Immersed in weather and we're all experts (expert guessers)
I'm dating myself here, but I have to get it off my chest: I remember when a modest snowfall was not treated as a national disaster.
There was a time when snow fell in winter, as it is wont to do, and life went on. That was in the quaint age before weather became a 24/7 obsession.
Winter came late to SAILING's home port at latitude 43 north this year and it wasn't until mid-January that there was forecast of measurable snow.
This unleashed the pent-up frustration of the TV weather folk-until then there had been no excuse to warn their viewers to fear "dangerous winter weather"-and the approaching snow got the full doomsday treatment.
I would have been shaking in my boots, but I didn't have to wear them. Doomsday turned out to be a scant four inches of snow.
I probably should be more sympathetic to TV's talking weather heads. They're just trying to make a buck slaking the public's thirst for weather info. People can't get enough of it, and I don't mean just partly cloudy and a 30% chance of rain. They want the full lexicon of unexpurgated meteorological lingo.

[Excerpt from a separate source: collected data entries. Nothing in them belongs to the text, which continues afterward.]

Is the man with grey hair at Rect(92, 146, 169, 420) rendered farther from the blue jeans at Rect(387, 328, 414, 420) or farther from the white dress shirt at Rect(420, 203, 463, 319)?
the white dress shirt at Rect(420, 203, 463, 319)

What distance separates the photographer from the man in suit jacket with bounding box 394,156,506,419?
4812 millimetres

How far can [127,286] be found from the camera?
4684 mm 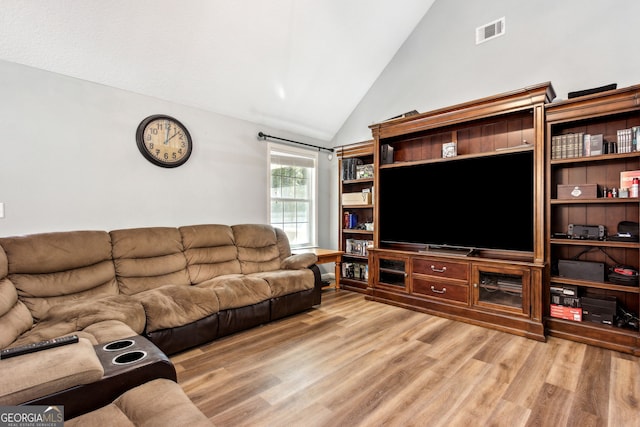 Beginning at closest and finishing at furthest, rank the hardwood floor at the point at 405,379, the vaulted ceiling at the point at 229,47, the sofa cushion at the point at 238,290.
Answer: the hardwood floor at the point at 405,379
the vaulted ceiling at the point at 229,47
the sofa cushion at the point at 238,290

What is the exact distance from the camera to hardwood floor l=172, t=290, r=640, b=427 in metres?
1.72

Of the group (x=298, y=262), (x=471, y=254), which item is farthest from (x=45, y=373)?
(x=471, y=254)

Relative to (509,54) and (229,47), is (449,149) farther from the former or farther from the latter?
(229,47)

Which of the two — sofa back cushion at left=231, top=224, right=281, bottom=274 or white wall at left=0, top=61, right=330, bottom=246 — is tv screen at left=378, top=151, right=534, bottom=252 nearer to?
sofa back cushion at left=231, top=224, right=281, bottom=274

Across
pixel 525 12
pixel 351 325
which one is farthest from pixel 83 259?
pixel 525 12

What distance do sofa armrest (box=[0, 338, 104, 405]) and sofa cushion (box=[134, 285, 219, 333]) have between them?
986 mm

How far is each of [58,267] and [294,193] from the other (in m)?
3.07

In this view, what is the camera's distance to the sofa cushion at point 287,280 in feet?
10.4

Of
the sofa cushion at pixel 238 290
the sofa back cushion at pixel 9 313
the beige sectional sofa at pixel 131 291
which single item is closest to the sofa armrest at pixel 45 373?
the beige sectional sofa at pixel 131 291

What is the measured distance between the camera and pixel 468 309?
10.5 ft

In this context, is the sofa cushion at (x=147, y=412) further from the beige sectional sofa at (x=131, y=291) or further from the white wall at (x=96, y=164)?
the white wall at (x=96, y=164)

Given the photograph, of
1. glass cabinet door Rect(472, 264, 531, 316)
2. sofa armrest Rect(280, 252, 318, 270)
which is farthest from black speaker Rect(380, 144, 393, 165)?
glass cabinet door Rect(472, 264, 531, 316)

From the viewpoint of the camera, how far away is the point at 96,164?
2992 millimetres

Not long ago I was in a supermarket check-out line behind two ladies of the senior citizen persuasion who were discussing weather. One said that an Alberta Clipper was on the way. The other nodded knowingly and said something about an occluded front that I didn't quite catch.
Our fixation on weather has less to do with the atmosphere-it's always been with us and there's certainly nothing novel about it-than with the fact that we are saturated with information about it through a plethora of communication media.
What a beautiful state of affairs for sailors. More than almost anything else humans do, sailing is about weather, and now we know more about it than ever in the history of seafaring.
This is a relatively new development. It wasn't that long ago that marine weather forecasts were available to sailors mainly by radiotelephone broadcast, and that was assuming you were within range of a weather channel. Funny, that didn't seem to bother us much in those simple times before weather obsession.
Not that such nonchalance was a good thing. It led me into a Gulf of Mexico passage that involved enough misery to qualify as character building.
After a long, slow transit to Pensacola, Florida, from Lake Michigan via the Mississippi River and Intracoastal Waterway, under engine power and with the keel frequently plowing a furrow in a muddy bottom or the occasional spoil bank, we were chaffing to get the sails up and the boat offshore and back in its element.
If we had bothered to listen to a weather forecast and it told us to expect two days of 20-foot seas and 45-knot winds, I'm pretty sure we would have stayed ashore to sample the delights of Pensacola. But when the morning dawned crystal clear, without a trace of red as a sailor's warning, we set out with brio for St. Petersburg-and sailed the Morgan 45 into a head-on collision with a weather system so nasty it left us longing for the Big Muddy. Boat and crew were a battered and bedraggled lot when we finally slouched into Tampa Bay.
That would never happen today. Not only would we be well and truly warned by innumerable weather authorities, we would have analyzed, dissected and parsed the weather system, talked about it endlessly and watched it develop on computer screens-all while snug at a dock.
In today's weatherwise word, the navigation station has morphed into a weather station. Real-time Doppler radar delivered by satellite tracks storms and tells you, way before the ugly roll cloud forms over your masthead, when you're going to get clobbered.
A click of the mouse delivers reports from weather buoys and shore stations. Weather data stream in continuously via the Internet connected by satellite telephone. Using marine weather software programs, GRIB files are downloaded to superimpose detailed wind prediction arrows on navigational charts. More weather data come in on smart phones and tablets. And if you're a confirmed Luddite you can still get weather from NOAA the old-fashioned way on VHF radio, even, if you want a real blast from the past, in MAFOR code.
If all of that isn't enough, and many of us think it isn't for long distance races and ocean passages, you can get customized weather analysis with routing advice for a fee from meteorologists who specialize in weather forecasting for sailors.
The aggregate is a tsunami of weather information. Processing it all is almost a full-time job. Good thing our navigator doesn't have to navigate very much any more (thanks to GPS) and has time to be weather officer.
One of the consequences of this surfeit of weather knowledge is that, like the ladies at the supermarket, it makes everyone in the crew a weather expert. Well before the race our experts conduct virtual races using predicted wind speeds and directions. Because they have complete, undiluted faith in the accuracy of the weather gurus, they confidently announce our finish time before the race starts.
Weather talk goes on non-stop during the race. Arguments rage over strategy based on what the weather will do. I've seen crewmembers come near to blows in a disagreement over the precise time and place the sea breeze will give way to the gradient wind.
Yes, it is a brave new weather world for sailors. Except that one thing about it isn't new-for all its dazzling science, weather forecasting is still part art. Which means that weather predictions are still a guess. They're just more educated guesses these days.
As for those virtual races, I've learned to apply a 50% error factor to our experts' predictions.